The reason for this is because the function generated by Claude filters out days with no sales. It does not consider the edge-case, and would thus be considered incorrect by users in our reports. We can circumvent that with critical thinking in follow-up prompts, by simply asking a follow-up question:

This might result in a different function, like the below:
// Calculate moving average over N periods
(
// Measure to average
measure_reference: EXPR,
// Number of periods
periods: INT64,
// Column for periods (e.g., Date column)
period_column: ANYREF,
// Table for periods (e.g., Date table)
period_table: ANYREF
) =>
-- Uses approach from Definitive Guide to DAX 2e P202
VAR _LastVisibleDate = MAX ( period_column )
VAR _NumberOfPeriods = periods
VAR _PeriodToUse =
FILTER (
ALL ( period_table ),
period_column > _LastVisibleDate - _NumberOfPeriods &&
period_column <= _LastVisibleDate
)
VAR _Result =
CALCULATE (
DIVIDE (
measure_reference, COUNTROWS ( VALUES ( period_column ) )
),
_PeriodToUse
)
RETURN
_Result
Note that asking such a follow-up question does not guarantee you will get better results. It is up to you as the author to assert your own critical thinking and skepticism, which may involve doing your own research and testing up-front.
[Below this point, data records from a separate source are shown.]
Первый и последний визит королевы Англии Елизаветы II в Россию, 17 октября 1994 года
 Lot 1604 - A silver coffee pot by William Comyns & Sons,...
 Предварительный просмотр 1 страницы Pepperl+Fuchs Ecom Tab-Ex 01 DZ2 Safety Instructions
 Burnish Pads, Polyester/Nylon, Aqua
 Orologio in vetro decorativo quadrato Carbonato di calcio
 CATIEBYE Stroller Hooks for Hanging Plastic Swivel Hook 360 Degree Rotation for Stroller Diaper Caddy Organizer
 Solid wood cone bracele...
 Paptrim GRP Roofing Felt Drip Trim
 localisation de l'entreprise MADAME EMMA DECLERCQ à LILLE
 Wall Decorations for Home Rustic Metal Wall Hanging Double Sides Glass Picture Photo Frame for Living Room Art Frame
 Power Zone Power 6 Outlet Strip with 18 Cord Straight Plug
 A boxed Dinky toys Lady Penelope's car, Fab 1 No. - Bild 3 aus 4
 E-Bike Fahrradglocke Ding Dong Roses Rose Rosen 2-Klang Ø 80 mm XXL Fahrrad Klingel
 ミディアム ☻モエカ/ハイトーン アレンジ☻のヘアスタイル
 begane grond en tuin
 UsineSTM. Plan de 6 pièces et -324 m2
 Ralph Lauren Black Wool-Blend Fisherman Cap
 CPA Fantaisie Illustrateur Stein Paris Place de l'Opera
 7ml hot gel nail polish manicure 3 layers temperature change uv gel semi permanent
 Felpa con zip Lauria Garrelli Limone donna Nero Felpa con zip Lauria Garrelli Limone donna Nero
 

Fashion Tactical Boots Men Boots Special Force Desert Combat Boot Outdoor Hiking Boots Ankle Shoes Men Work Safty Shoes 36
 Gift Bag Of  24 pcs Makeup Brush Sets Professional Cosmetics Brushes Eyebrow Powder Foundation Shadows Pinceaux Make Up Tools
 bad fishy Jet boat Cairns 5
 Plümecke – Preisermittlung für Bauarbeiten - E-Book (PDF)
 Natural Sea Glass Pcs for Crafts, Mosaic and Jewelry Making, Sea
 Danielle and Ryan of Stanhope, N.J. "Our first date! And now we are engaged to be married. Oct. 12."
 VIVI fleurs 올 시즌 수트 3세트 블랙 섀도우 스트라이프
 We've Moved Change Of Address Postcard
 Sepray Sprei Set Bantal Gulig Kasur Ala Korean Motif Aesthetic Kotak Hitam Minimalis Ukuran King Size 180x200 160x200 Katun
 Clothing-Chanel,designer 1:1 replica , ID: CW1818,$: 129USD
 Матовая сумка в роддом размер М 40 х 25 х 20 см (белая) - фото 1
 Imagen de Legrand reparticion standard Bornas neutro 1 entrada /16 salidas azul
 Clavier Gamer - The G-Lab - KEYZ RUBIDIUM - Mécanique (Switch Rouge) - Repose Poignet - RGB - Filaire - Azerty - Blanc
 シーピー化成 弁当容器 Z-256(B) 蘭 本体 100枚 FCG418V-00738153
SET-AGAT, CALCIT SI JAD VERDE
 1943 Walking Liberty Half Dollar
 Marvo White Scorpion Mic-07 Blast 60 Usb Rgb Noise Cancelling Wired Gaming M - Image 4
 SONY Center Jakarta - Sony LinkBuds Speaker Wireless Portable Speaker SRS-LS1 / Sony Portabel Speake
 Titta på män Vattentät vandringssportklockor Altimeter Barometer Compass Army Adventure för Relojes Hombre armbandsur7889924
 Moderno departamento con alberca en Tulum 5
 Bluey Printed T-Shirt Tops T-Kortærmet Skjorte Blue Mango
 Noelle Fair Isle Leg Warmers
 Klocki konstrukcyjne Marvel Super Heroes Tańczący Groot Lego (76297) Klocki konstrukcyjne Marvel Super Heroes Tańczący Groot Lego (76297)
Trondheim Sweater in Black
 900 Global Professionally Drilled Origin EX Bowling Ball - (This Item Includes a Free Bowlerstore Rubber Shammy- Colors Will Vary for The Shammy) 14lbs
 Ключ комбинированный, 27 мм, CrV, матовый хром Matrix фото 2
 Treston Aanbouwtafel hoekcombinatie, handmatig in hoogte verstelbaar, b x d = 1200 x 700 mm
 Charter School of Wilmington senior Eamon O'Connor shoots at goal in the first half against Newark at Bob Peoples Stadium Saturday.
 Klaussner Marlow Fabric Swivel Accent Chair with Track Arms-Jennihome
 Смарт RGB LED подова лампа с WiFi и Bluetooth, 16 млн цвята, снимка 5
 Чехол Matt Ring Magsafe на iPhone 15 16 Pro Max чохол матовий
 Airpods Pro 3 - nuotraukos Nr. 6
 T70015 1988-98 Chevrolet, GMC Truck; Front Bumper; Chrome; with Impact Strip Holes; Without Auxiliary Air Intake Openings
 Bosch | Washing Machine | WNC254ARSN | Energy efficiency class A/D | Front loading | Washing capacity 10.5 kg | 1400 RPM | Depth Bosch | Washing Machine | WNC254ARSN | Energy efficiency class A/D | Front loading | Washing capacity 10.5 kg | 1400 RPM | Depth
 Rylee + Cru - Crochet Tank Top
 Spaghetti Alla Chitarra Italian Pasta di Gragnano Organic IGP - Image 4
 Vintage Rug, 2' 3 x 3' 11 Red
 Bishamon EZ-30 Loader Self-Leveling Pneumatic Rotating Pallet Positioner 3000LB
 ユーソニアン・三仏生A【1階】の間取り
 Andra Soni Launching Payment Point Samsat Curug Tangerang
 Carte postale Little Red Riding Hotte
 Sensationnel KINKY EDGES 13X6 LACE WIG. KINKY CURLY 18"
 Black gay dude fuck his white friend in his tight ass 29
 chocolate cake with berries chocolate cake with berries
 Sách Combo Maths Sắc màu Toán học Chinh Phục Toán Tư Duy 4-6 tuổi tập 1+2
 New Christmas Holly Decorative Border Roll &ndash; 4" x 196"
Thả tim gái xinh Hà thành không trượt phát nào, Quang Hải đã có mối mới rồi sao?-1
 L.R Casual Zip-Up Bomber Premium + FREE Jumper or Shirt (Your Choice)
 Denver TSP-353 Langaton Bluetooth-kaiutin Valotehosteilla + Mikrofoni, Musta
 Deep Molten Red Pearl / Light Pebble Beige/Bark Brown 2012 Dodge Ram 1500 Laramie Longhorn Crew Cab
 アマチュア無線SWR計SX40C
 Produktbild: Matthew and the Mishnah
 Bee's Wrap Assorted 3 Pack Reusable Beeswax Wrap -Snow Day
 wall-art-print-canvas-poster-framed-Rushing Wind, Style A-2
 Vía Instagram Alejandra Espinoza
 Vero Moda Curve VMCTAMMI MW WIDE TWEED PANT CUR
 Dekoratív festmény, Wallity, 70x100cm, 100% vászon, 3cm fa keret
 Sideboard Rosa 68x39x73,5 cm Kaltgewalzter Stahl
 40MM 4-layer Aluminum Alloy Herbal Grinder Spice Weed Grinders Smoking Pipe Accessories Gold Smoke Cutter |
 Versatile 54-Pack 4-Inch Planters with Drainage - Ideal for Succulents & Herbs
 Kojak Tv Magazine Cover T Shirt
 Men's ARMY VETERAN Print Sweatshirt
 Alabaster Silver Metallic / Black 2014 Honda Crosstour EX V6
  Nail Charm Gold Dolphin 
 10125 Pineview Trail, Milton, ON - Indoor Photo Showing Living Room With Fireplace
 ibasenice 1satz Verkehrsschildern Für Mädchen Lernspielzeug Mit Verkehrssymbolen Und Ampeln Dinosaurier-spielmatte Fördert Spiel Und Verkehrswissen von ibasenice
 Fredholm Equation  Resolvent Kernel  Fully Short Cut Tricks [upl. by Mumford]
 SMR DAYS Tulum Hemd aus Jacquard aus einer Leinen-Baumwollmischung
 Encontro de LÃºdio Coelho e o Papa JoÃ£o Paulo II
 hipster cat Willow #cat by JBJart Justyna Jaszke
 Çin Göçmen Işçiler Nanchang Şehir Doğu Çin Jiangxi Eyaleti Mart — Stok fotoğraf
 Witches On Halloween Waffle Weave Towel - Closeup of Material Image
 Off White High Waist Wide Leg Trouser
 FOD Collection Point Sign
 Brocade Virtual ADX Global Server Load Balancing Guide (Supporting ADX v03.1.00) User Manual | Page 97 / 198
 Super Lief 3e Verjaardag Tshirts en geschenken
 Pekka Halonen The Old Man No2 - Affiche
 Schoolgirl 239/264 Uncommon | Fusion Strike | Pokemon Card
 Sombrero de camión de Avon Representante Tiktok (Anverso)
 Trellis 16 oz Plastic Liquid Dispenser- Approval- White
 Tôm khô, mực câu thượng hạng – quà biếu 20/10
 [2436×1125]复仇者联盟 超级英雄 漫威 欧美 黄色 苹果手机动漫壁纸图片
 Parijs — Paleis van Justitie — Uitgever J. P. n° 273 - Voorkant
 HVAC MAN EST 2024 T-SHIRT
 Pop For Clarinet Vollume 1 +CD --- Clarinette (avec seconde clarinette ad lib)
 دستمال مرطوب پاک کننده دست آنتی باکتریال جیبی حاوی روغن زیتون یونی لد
In summary, applying context can help you get better initial results when using AI to help you with DAX or Power Query problems… or anything related to code. However, it doesn’t guarantee that the first working answer is the best (or even the correct) answer. It’s just one step on the way there.
In conclusion
Context curation is incredibly important, especially when you use AI with Power BI. Power BI has new formats like TMDL and PBIR, as well as massive new features like DAX functions and visual calculations. Relying on LLMs and prompts alone—even in Microsoft’s native tools like Copilot in Power BI—will not produce good results. You have to invest time and effort to create context, and then re-use it in an efficient way; AI might not be an objective accelerator at first (even if it seems so), until you get better at using it. However, even in the “ideal” scenario, you should understand that AI outputs are an incremental first step; just because the code is working doesn’t mean it’s correct.